Research Does Not Speak For Itself: research needs to be actively translated in communication; it needs to be set in context, and it needs to be brought to life. By itself, ‘research’ is just inanimate data: in conversation and contextualised it has the power to animate, inform, empower or infuriate. It has the latent capacity to become knowledge, or even evidence.

Research Does Not Stand Alone: of course any research must be seen in the context of other research, gradually building up a picture of our social world. Individual studies have far less value than careful synthesis and review. But more than this, research needs to be interpreted in the context of local systems, cultures and resources; and explored with an understanding of political sensitivities, expediencies and implementation challenges.

Research Has To Be Integrated: research ways of knowing have to be integrated with other forms of knowing: knowing that comes from a complex and sophisticated conceptual understanding of the world (including ideological preferences), and knowing that comes from deep experience, including tacit ways of knowing or feeling.

Using Research is Often Not An Event: use of research is often better seen as a dynamic and iterative process, usually faltering, but occasionally dramatic; most often seen better in retrospect than in prospect. Research-based ideas can slowly seep into policy discourse in a slow and percolative way, gradually changing the sense of what is important or what is possible in policy debates.

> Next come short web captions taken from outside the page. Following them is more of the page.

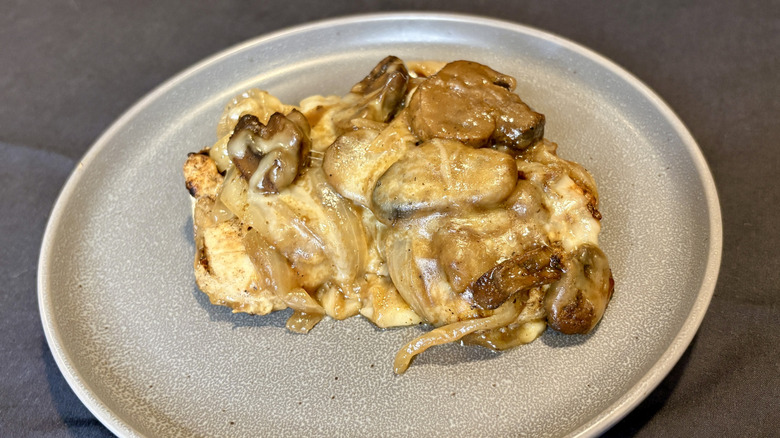 A piece of chicken covered in mushrooms, gravy, and cheese on a plate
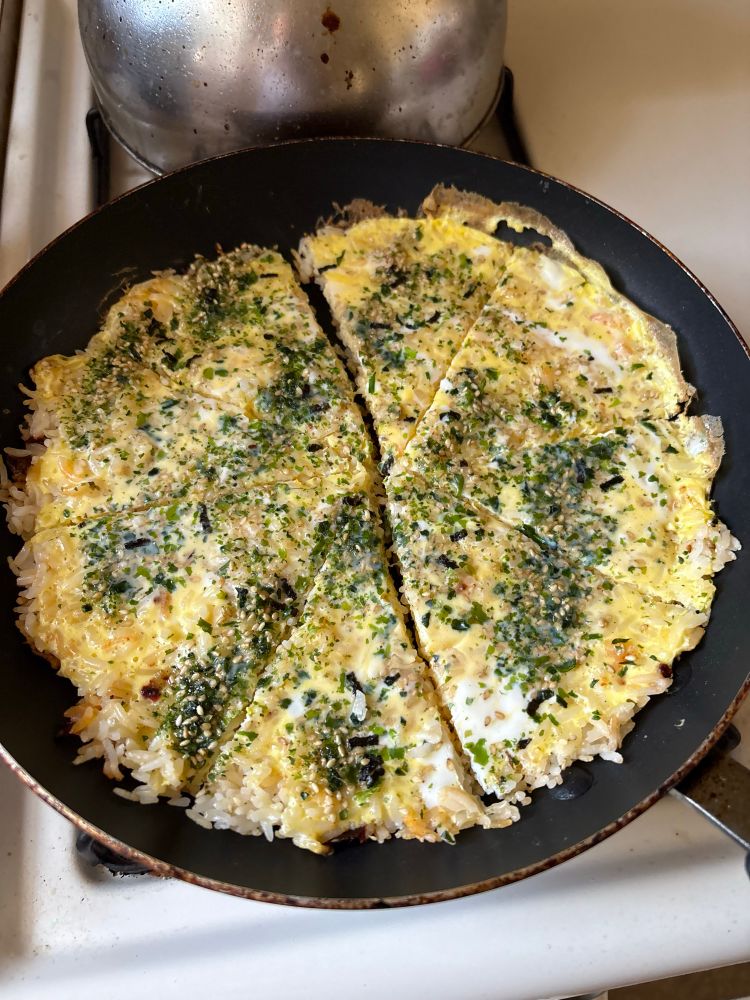 Egg and rice pancake cut into wedges 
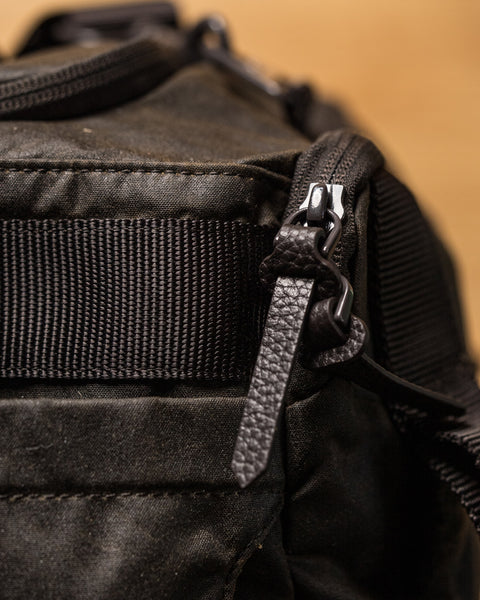 Close up of leather zips on KNKG Waxed Canvas Duffel 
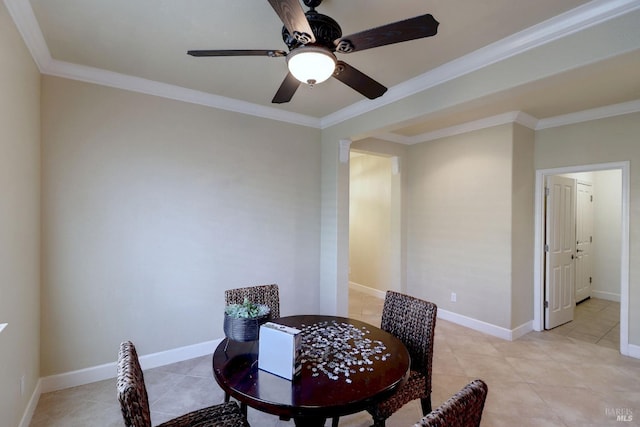 dining space with ceiling fan, crown molding, and light tile patterned flooring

It’s Not Just Learning – Unlearning Matters Too: letting go of previously cherished notions, conceptual models or so-called ‘facts about the world’ can be as important as the acquisition of new understandings. But this is far from simple: the new does not necessarily displace the old. Sometimes uncomfortable accommodations or amalgamations are made.

Knowledge is Often Co-Produced: rather than seeing research as the preserve of technical experts, new policy-relevant knowledge often comes from collaborative processes that break down the distinction between roles – where technical expertise around data meets other forms of knowing rooted in experience or a sense of the possible. Shared journeys can produce shared understandings.

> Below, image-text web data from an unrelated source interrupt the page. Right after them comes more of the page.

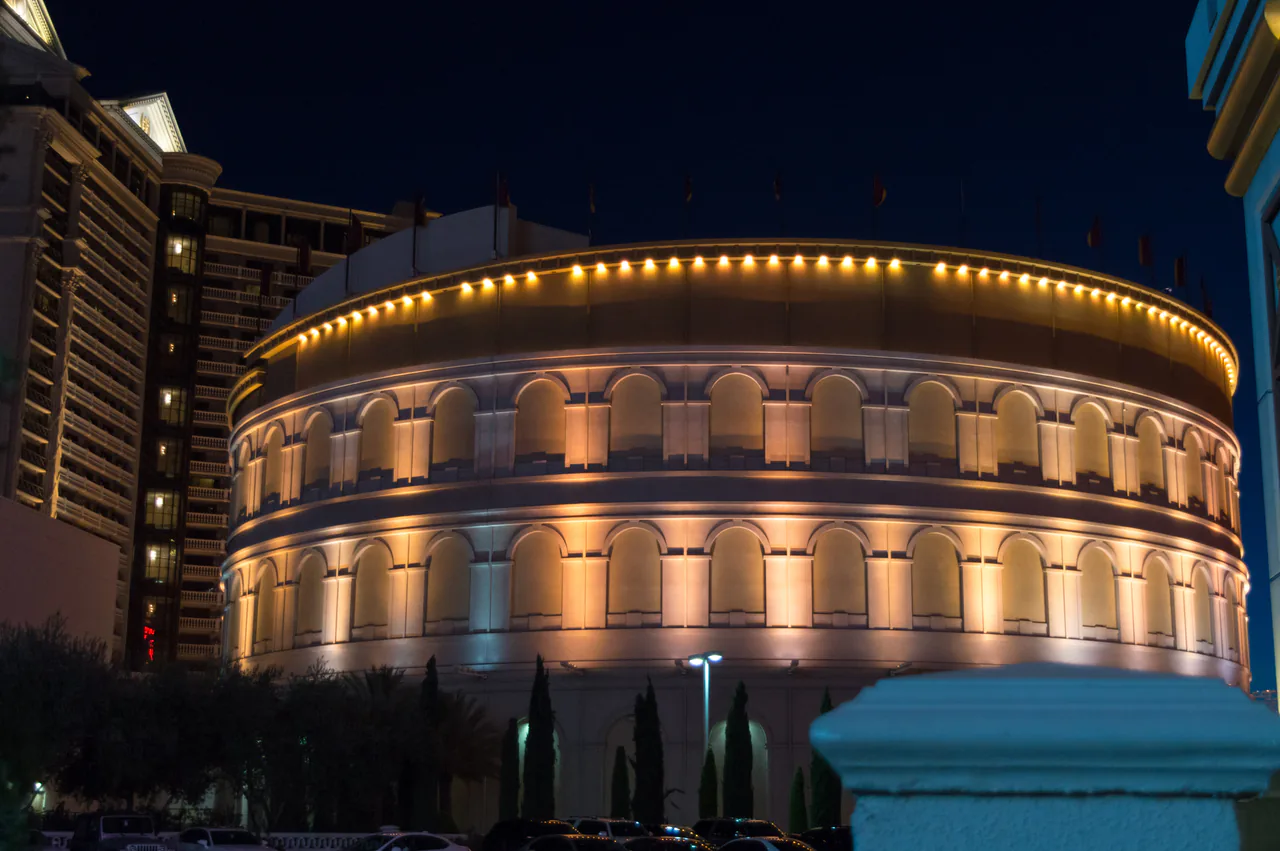 The replica Colosseum theater at Caesars Palace lit up on the Las Vegas Strip in the evening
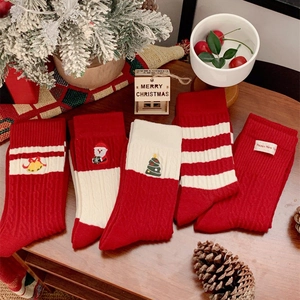 Pack de 2 chaussettes de Noël festives rouges et blanches brodées sur une table en bois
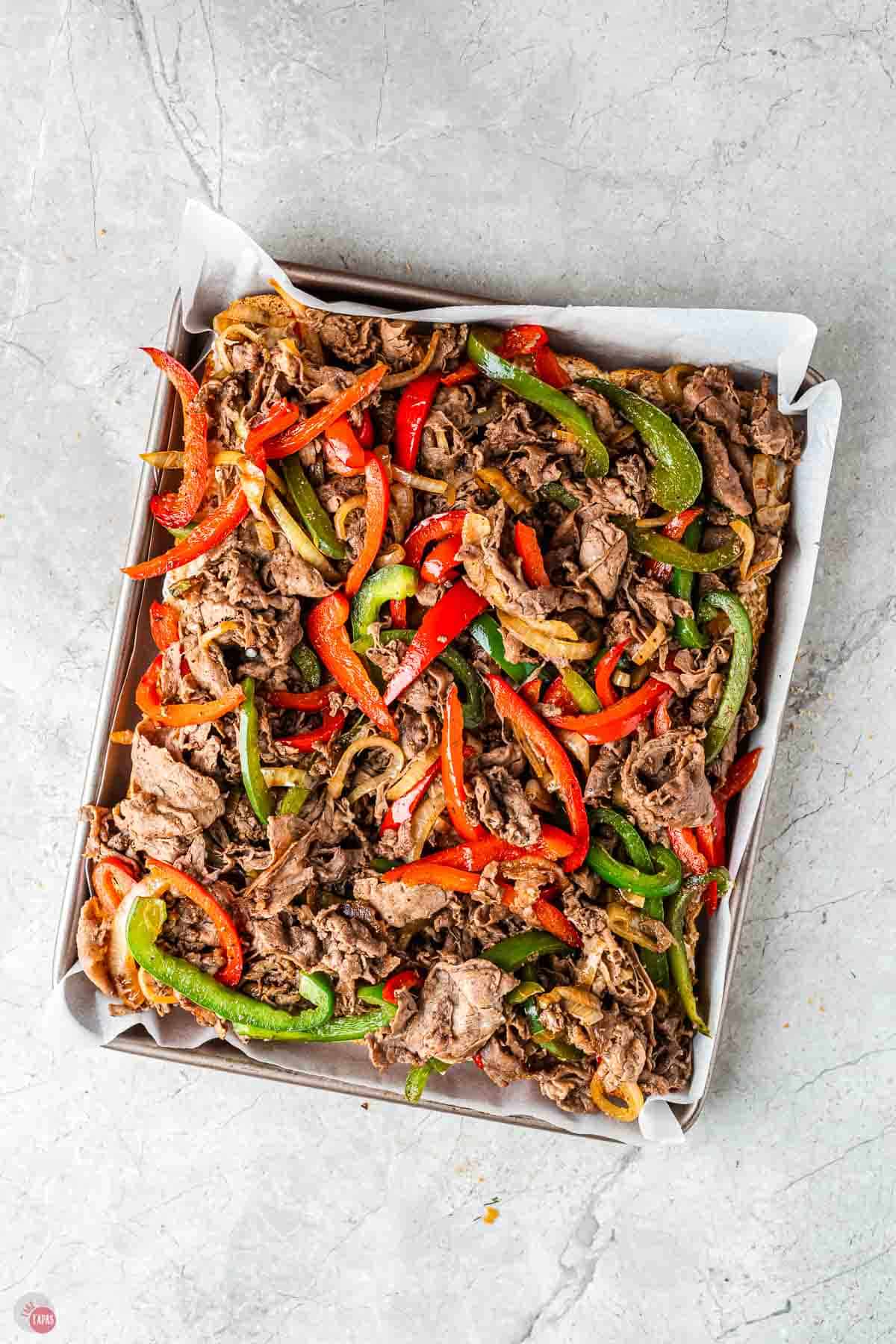 slider buns on a baking sheet topped with shredded steak and peppers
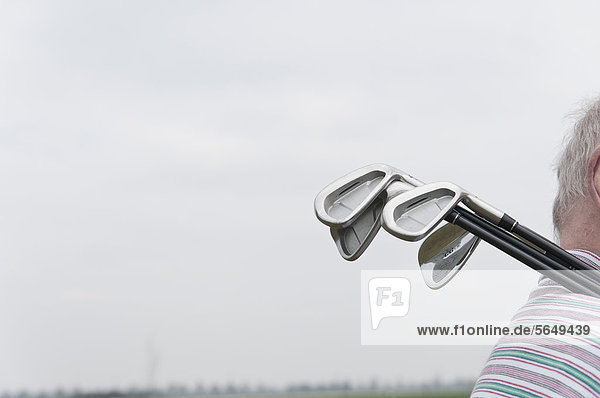 Germany  North Rhine Westphalia  Duesseldorf  Golfer with golf club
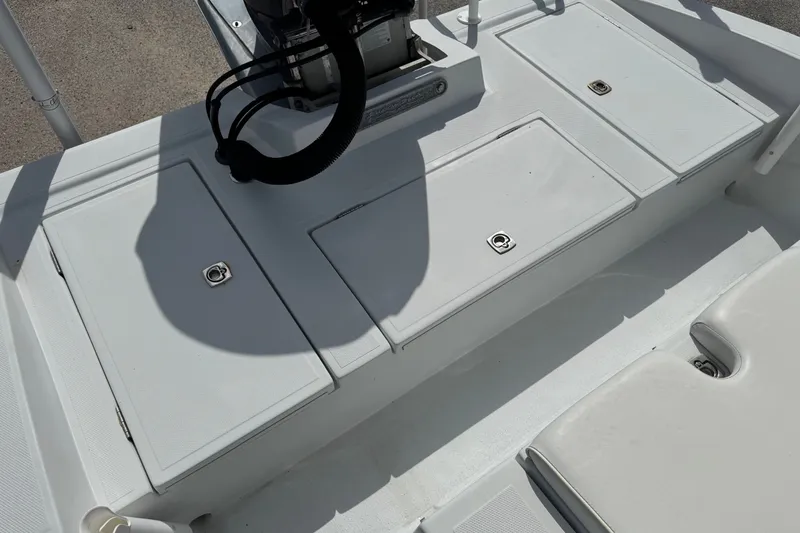 Slide: The Image of 2012 Shallow Sport 21 Modified V boat deck with storage compartments and seating. - 7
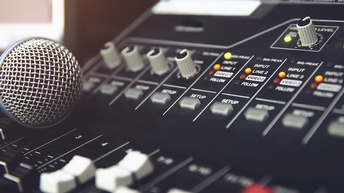 Nahaufnahme eines Mischpults, auf dem ein paar Leuchtkontrollen orange oder gelb aufleuchten. Auf dem Mischpult liegt ein Mikrofon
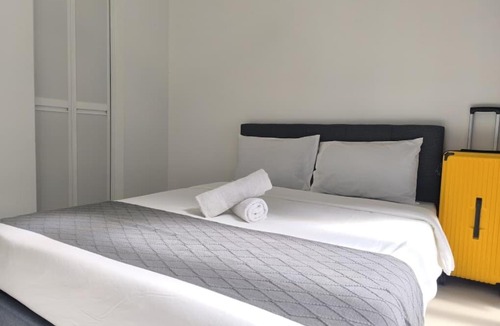 Medini Apartment | DP Cozy Family-Friendly 2BR Retreat By STAY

Knowledge Creation is Deeply Social: the creation of knowledge from various ingredients (including, but by no means limited to, research) is therefore a deeply social and contextual process – happening through interaction and dialogue. It reflects a persuasive process triggered as much in the gut as in the brain.

Not Products But Process: from all of this it then makes more sense to think of ongoing processes of knowing than the creation and sharing of knowledge products, and so…

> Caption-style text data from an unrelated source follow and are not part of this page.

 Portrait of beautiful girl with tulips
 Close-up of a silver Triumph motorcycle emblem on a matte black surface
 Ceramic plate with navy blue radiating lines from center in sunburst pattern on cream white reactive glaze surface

It’s Not All About Decisions But More Often About Framings: because research often has the most profound impacts not when it directly underpins specific decisions (instrumentalist action) but instead when it causes shifts in the language, concepts, conceptual models or frameworks that are used to define the contours of the policy landscape. Research can be at its most powerful when it shakes prior certainties, questions core assumptions or even re-shapes cherished values.

So, when we focus on research as proving evidence for policy decisions we both overplay its short-term role as technical arbiter and undersell its longer-term transformative power.